Twelve
After the negotiations were complete Daniel left Paul's house in the suburbs and drove his rental car back to the Salt Lake City airport. When he showed his boarding pass to the security agent he found that his hands were shaking. The visit with Paul had taken longer than anticipated; once he'd cleared security he had to half-run through the terminal, jostling people and apologizing, a gasping nightmare of bright lights and slow-moving people and distant elevator music. Daniel arrived at his gate at the last possible moment and as the plane rose out of Salt Lake City he stared down at Utah's sci-filandscape, abandoned planet. Unearthly forms of brown and white, high plateaus and long ridges with violet shadows lengthening alongside. He was having some difficulty catching his breath. Daniel was a large man and the run hadn't been easy.

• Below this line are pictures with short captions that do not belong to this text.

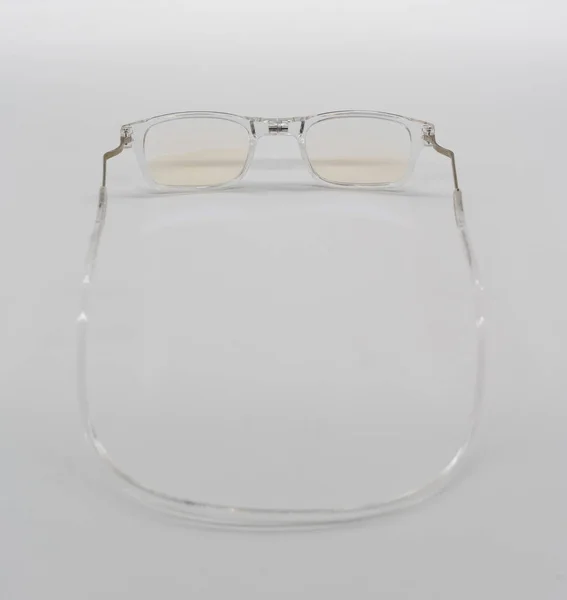 Bir Şeffaf Şeffaf Plastik Göz Giyim Veya Gözlükleri Beyaz Arka — Stok fotoğraf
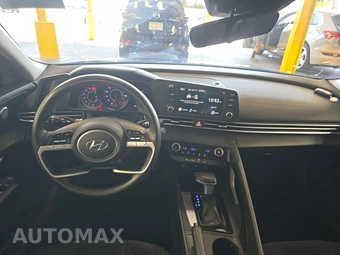 2022 Hyundai Elantra SEL - miniatura 11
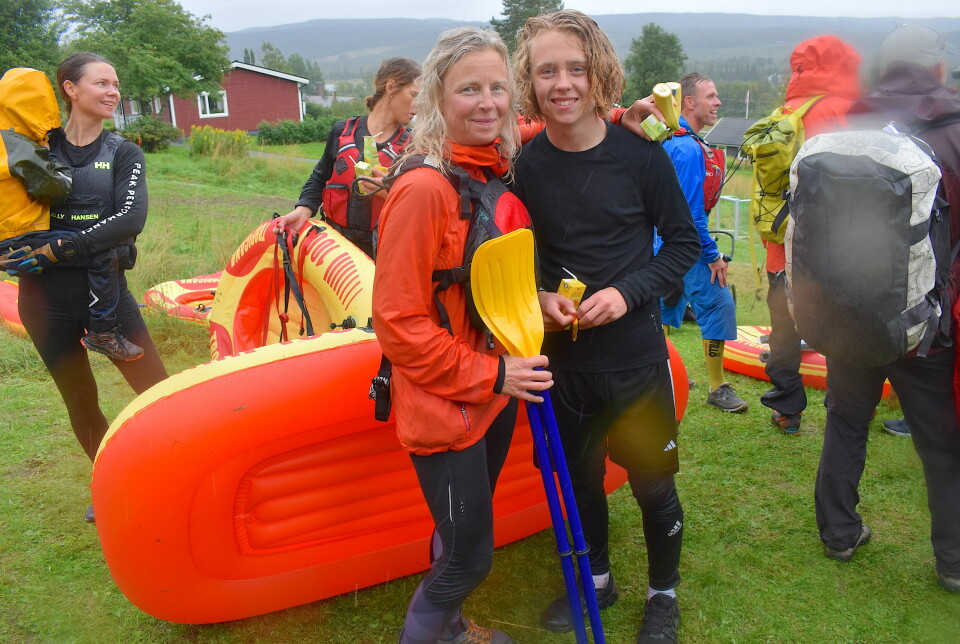 ”Mamma var lite långsam i paddlingen”, säger Teo Ljusberg om hennes insats i paddlingen. Både kommer från Åre.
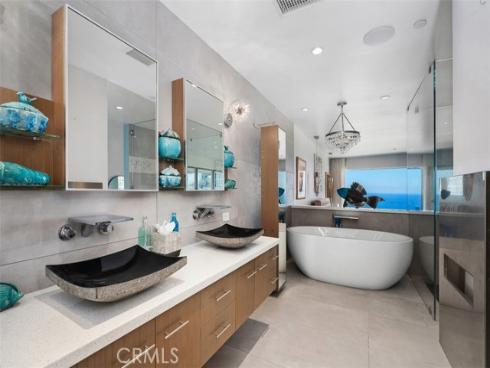 1049 Baja , Laguna Beach, CA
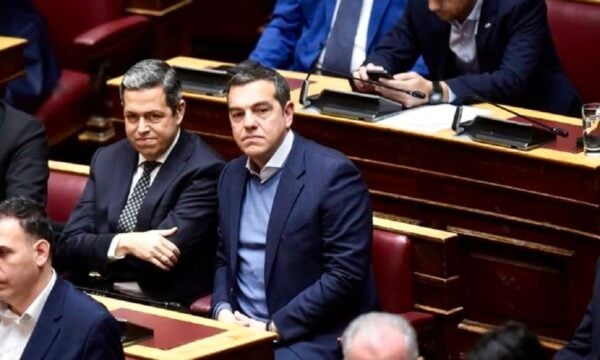 Ο Συμεών Κεδίκογλου παραιτείται από βουλευτής του ΣΥΡΙΖΑ – ανέβασε φωτογραφία με τον Αλέξη Τσίπρα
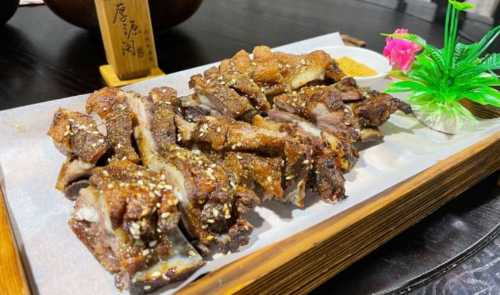 hou yuan ge geng du ren jia · bai nian ting yuan chuan tong yue cai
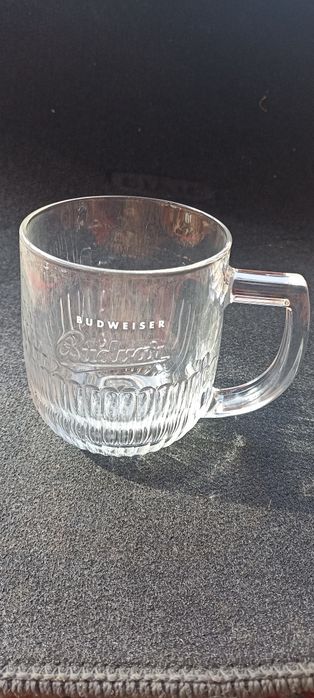 Пивные кружки  стаканы бокалы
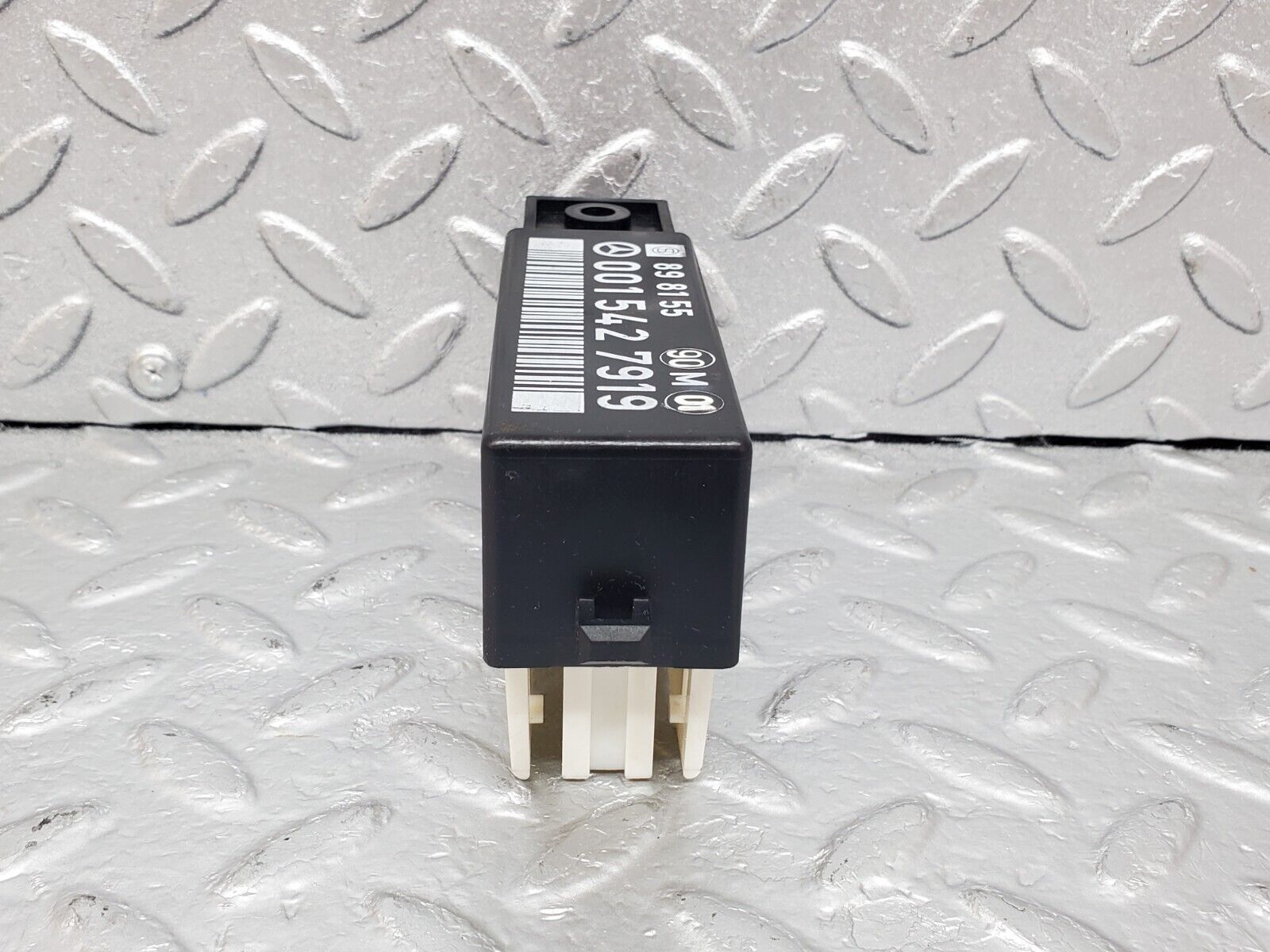 44897 Mercedes-Benz R129 300SL Coupe Windscreen Wiper Relay 0015427919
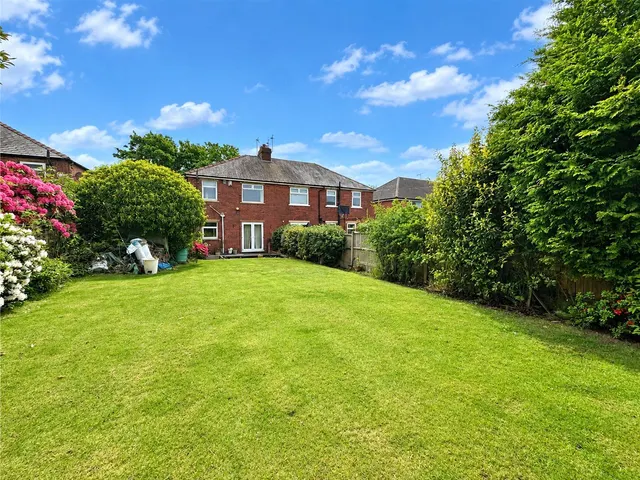Springfield Road, Middleton, M24, photo 2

He'd admired the landscape that morning when he'd flown in. He'd never seen this part of the country from the air before and he liked the austerity of it, the opposite of Florida's feverish greenery and lakes, but now on the return flight he was distracted by his calculations. The debts of his life were as follows: his rent, which was minimal, as his house was small and in a bad school district. His cellular telephone— Daniel considered landlines an extravagance— and his television. He watched only sports and the news, and had canceled the cable some time ago. Groceries and takeout food. He had pared all of these expenses down as far as possible, because on top of them he paid alimony and child support to two ex-wives and four children. He didn't take vacations and worked considerable overtime. There was no extra money and there never had been. He expected that the inheritance would cover the debt, but it had occurred to him that coming up with the extra money for the interest would likely require a second job.
Still, though, did it matter? The plane ascended into a cloud and Utah was lost beneath him. What was a second job in the face of a chance to erase a long-ago mistake, to make amends? He'd walked for ten years with terrible guilt and the thought of being free of this was exhilarating. Money is opportunity. He'd known this all his life. But he realized then why he was having such trouble catching his breath, well over a half-hour since his dash through the terminal: if you pay with money or you pay with your family, then what would happen to his children if he couldn't come up with the interest? His memories of Paul suggested that there were very few things that Paul was unwilling to do. He stared unseeing out the window into white.